(Collected data)

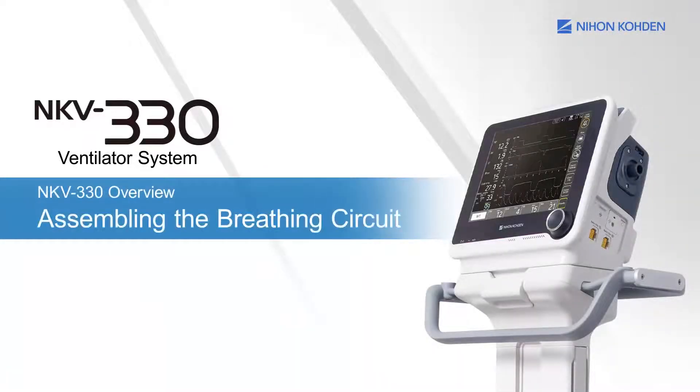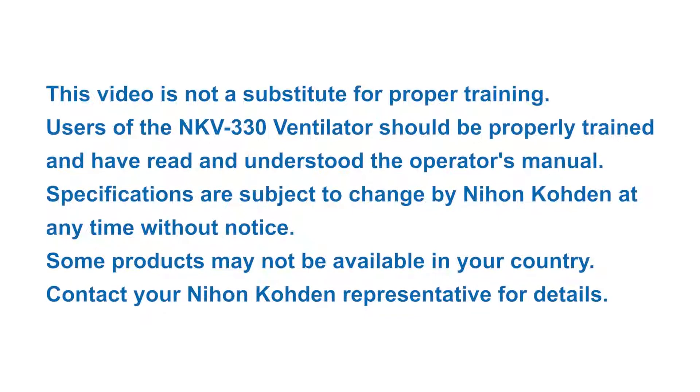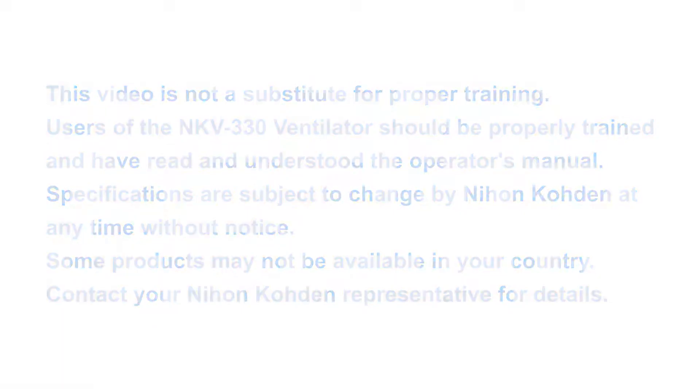This chapter explains how to assemble the breathing circuit. This video is not a substitute for proper training. Users of the NKV-330 ventilator should be properly trained and have read and understood the operator's manual. Specifications are subject to change by Nihon Kōden at any time without notice. Some products may not be available in your country. Contact your Nihon Kōden representative for details.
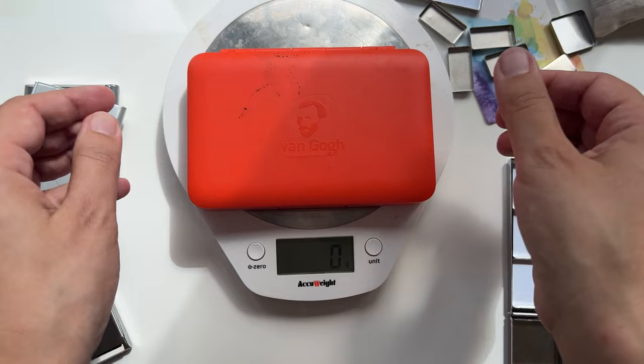So this palette at 240 grams weighs about the same as a full plastic palette of paints filled to the brim — and that's before adding any paint to it. The paints weigh 94 grams in my palette, so the paints almost double the weight of the palette itself. That really puts the weight in perspective.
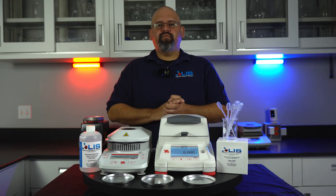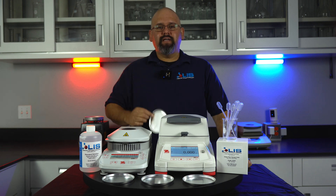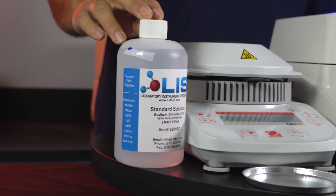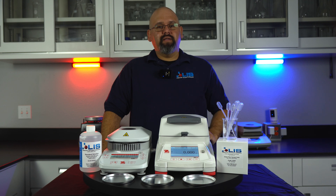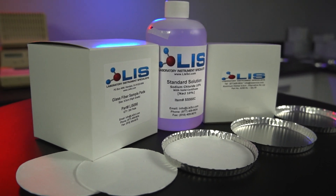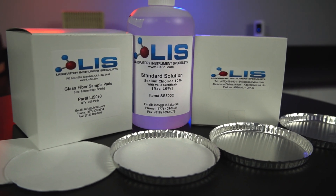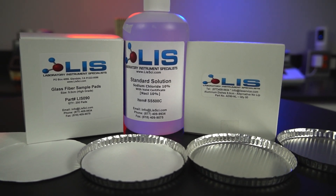We're going to need a few items before we begin. First, we will need an aluminum sample dish. Second, the product we will be performing the test on, which in this case is our standard solution with 10% sodium chloride. Lastly, our glass fiber sample pads. Pads are important as they will speed up the drying process by up to one and a half times. These pads are cut and packaged in our own warehouse. You can find all these items, as well as a couple different sizes of aluminum dishes and glass fiber pads, on our website. Links will be in the description.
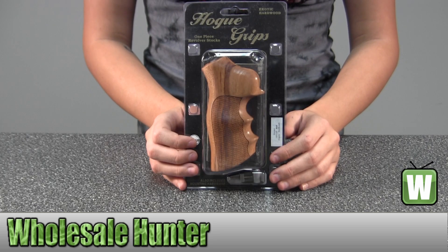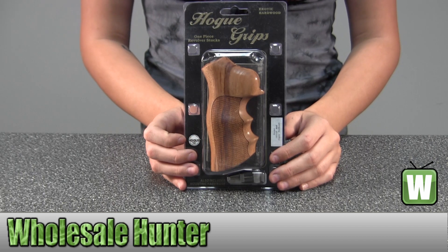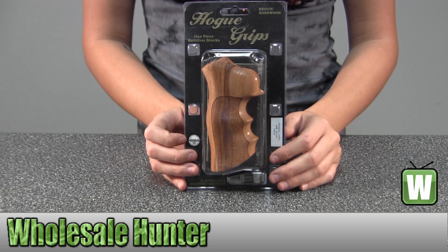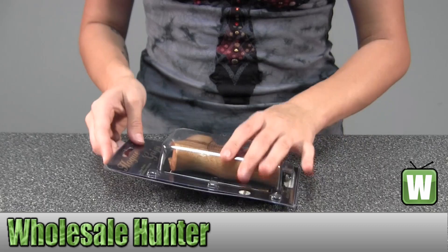Hello, this is an unpacking video for manufacturer number 80201. This is by Hogue. These are Goncalo Alves wood grips for a Ruger GP100 and Super Red Hawk. I'm going to take this out of the package for you so you can get a better look.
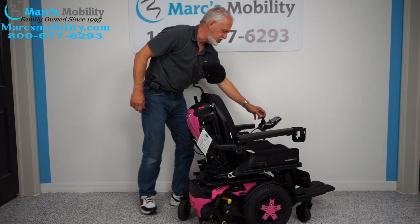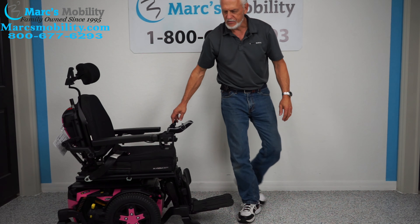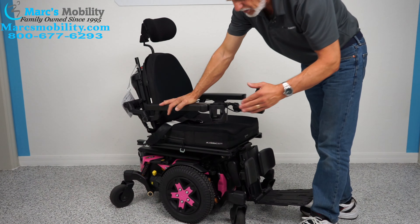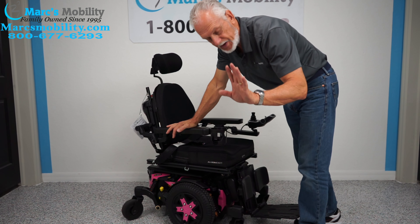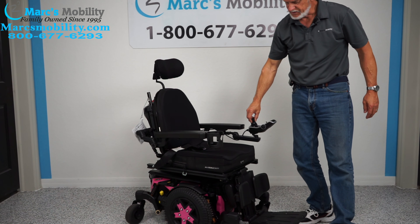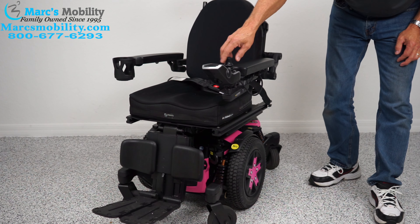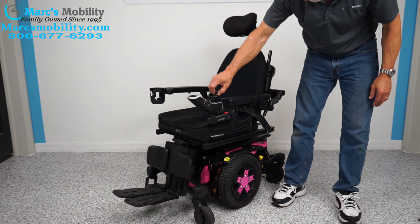There are lights on this chair — lights on the fender here and here. They forgot to install the on/off buttons, but we will install that. You will have headlights and taillights on the fenders. It has LED lights in the front and LED lights in the back, and the on/off switch will be on there when you get the chair.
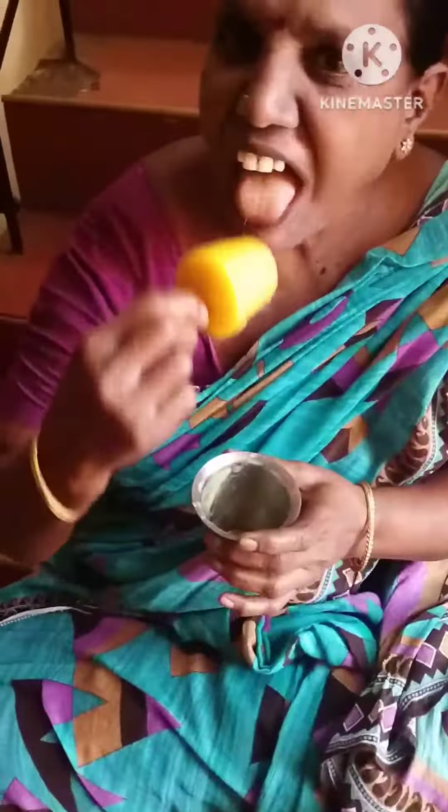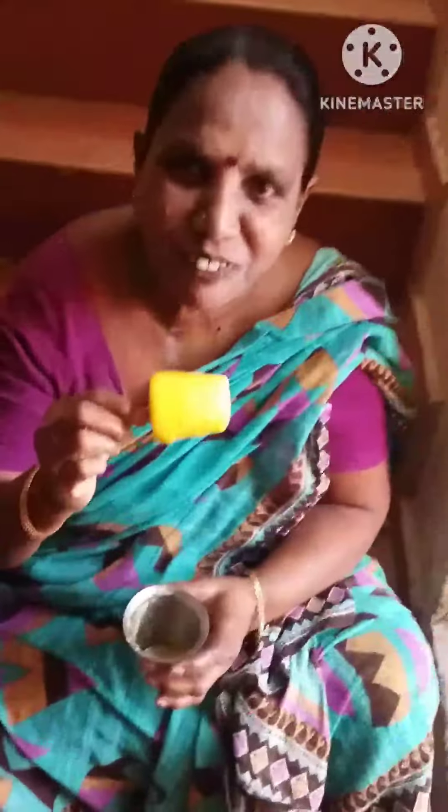My mom is getting it. I am going to make a cool thing — that's the mango kulfi! I am telling you, the taste is really good. Please like, share, and subscribe to my channel.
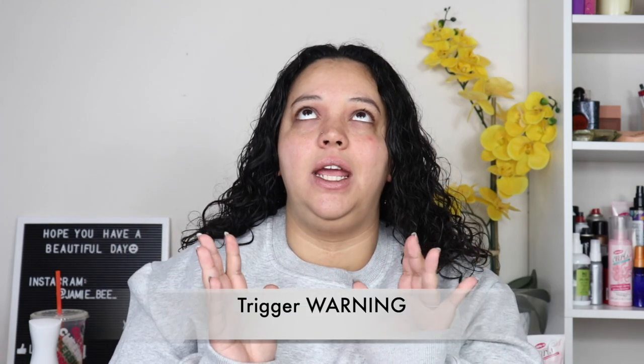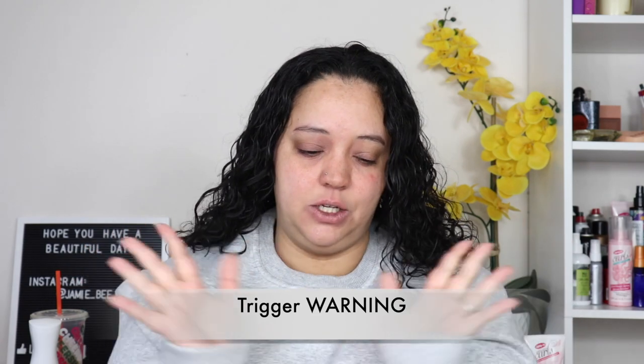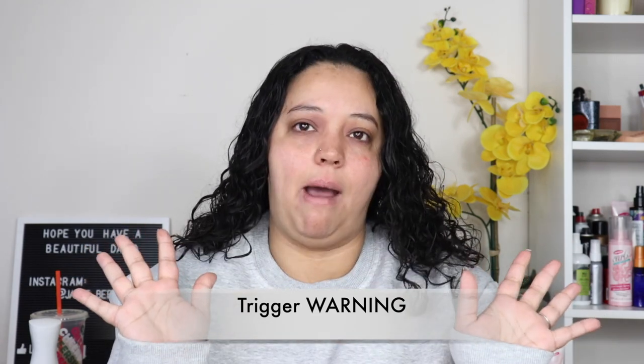I know that there's this whole trending curly girl routine situation — it's been around for a while, but no one gave a crap about curly hair until it was trending on TikTok. Hey everybody, welcome or welcome back to my channel. I'm Jamie B, thanks for stopping by. In today's video I'm gonna be showing you guys how I get this hot mess of hair into my day-two curls where they're full, bouncy, and luxurious in a few simple steps. Hit that subscribe button and we'll get right into it.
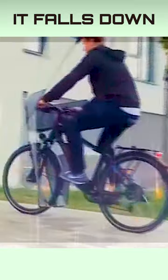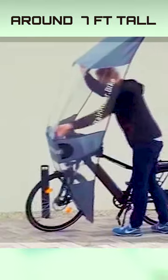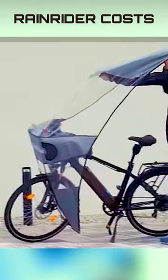When stopped, it folds down against the rear rack. It weighs 3.3 pounds and measures around 7 feet tall by 1.3 feet wide. Rain Rider costs in the $150 range.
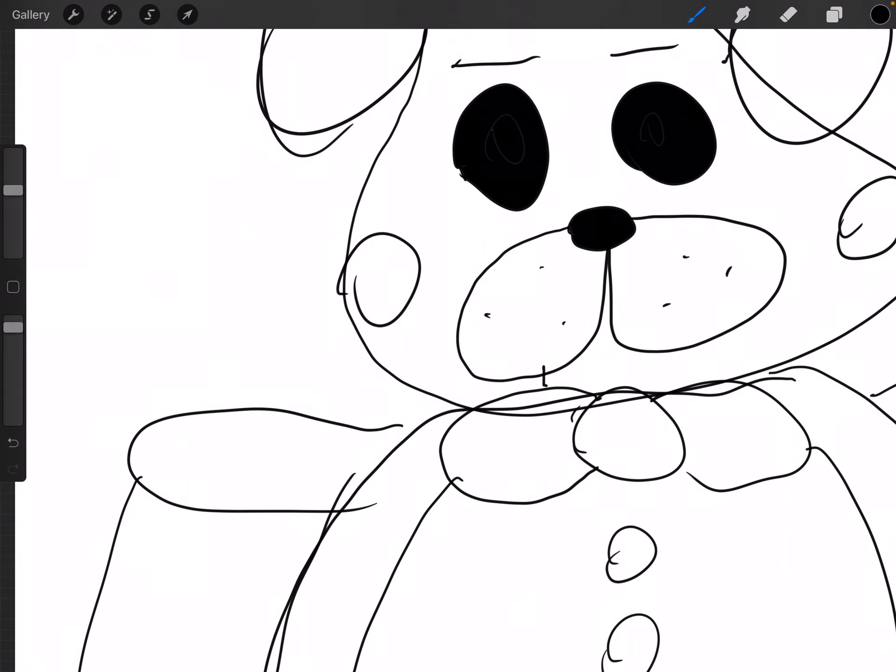Oh, I forgot the mouth. There we go. It's perfect.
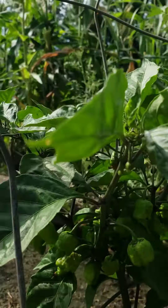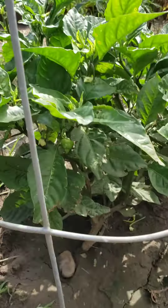There we go. One plant — this down here, he's doing good.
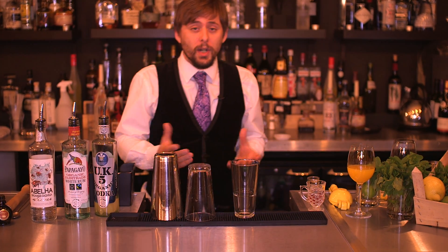Hi, my name is David Hamilton Boyd from Organic Spirit and today I'm going to make a twist on a classic. We're going to make a long mango margarita.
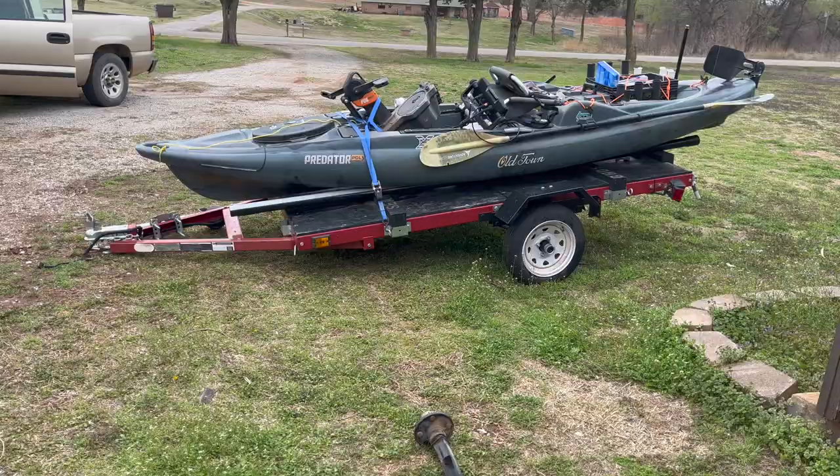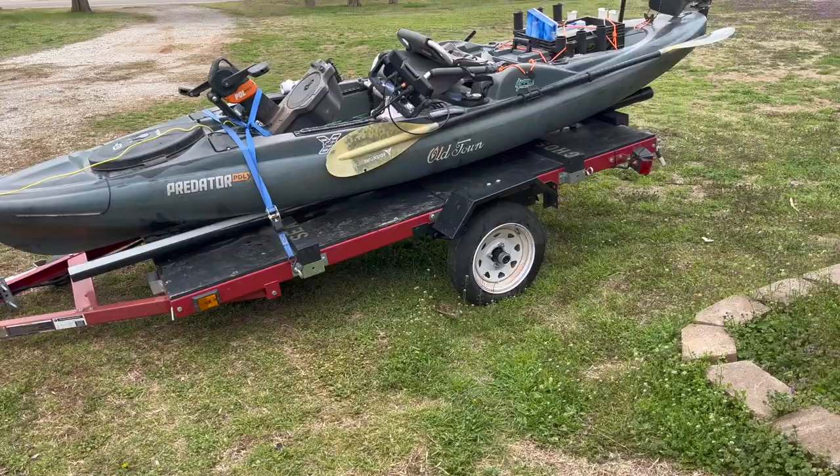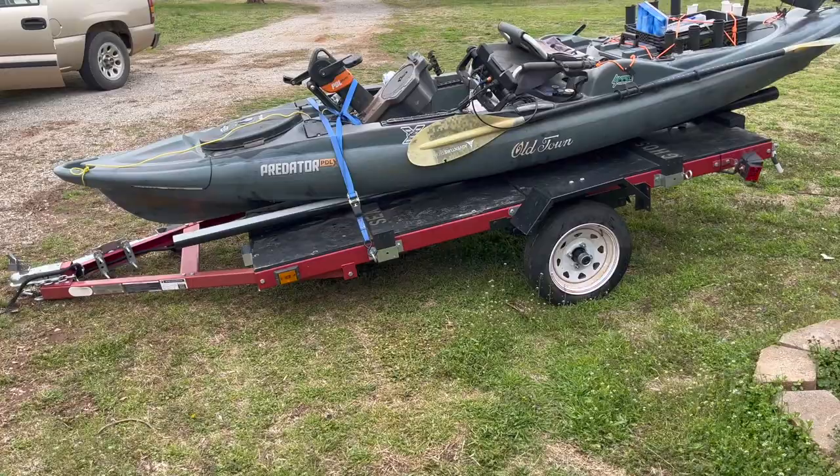Welcome back to the channel. Today I'm going to walk you through what you need to know before you buy a Harbor Freight trailer — specifically in my case to haul my kayak. Here is my Harbor Freight trailer. I've been pulling this thing for about two years. It's a great big kayak, it's pretty heavy, and it pulls it well. But there are some things about this trailer that I wish I'd known before I bought it.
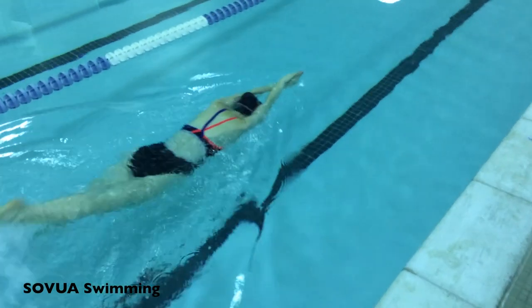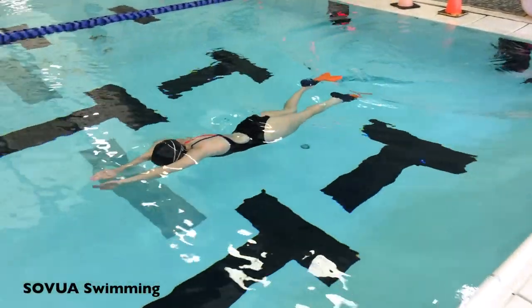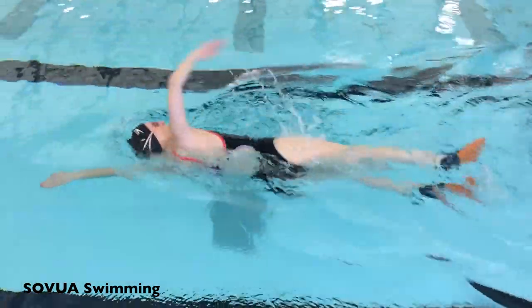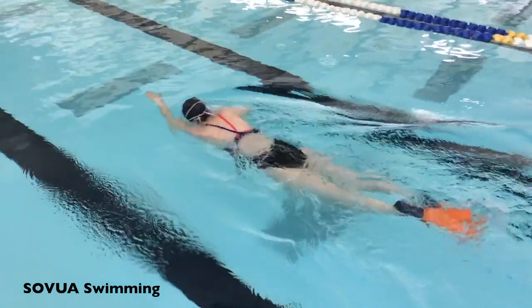Once the swimmer pushes off the wall, he or she should glide to the surface of the water, where the stroking begins. Many competitive swimmers kick freestyle kick or flutter kick, also known as butterfly kick, under the water until their body reaches the surface of the water.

* [Exercise prompt]:
Write out exactly, and nothing more than, the lines of the entries above from the line containing "Welcome back to the" through the final line; omit any pictures.

* [Expected answer]:
Welcome back to the channel. Today I'm going to walk you through what you need to know before you buy a Harbor Freight trailer — specifically in my case to haul my kayak. Here is my Harbor Freight trailer. I've been pulling this thing for about two years. It's a great big kayak, it's pretty heavy, and it pulls it well. But there are some things about this trailer that I wish I'd known before I bought it.
Once the swimmer pushes off the wall, he or she should glide to the surface of the water, where the stroking begins. Many competitive swimmers kick freestyle kick or flutter kick, also known as butterfly kick, under the water until their body reaches the surface of the water.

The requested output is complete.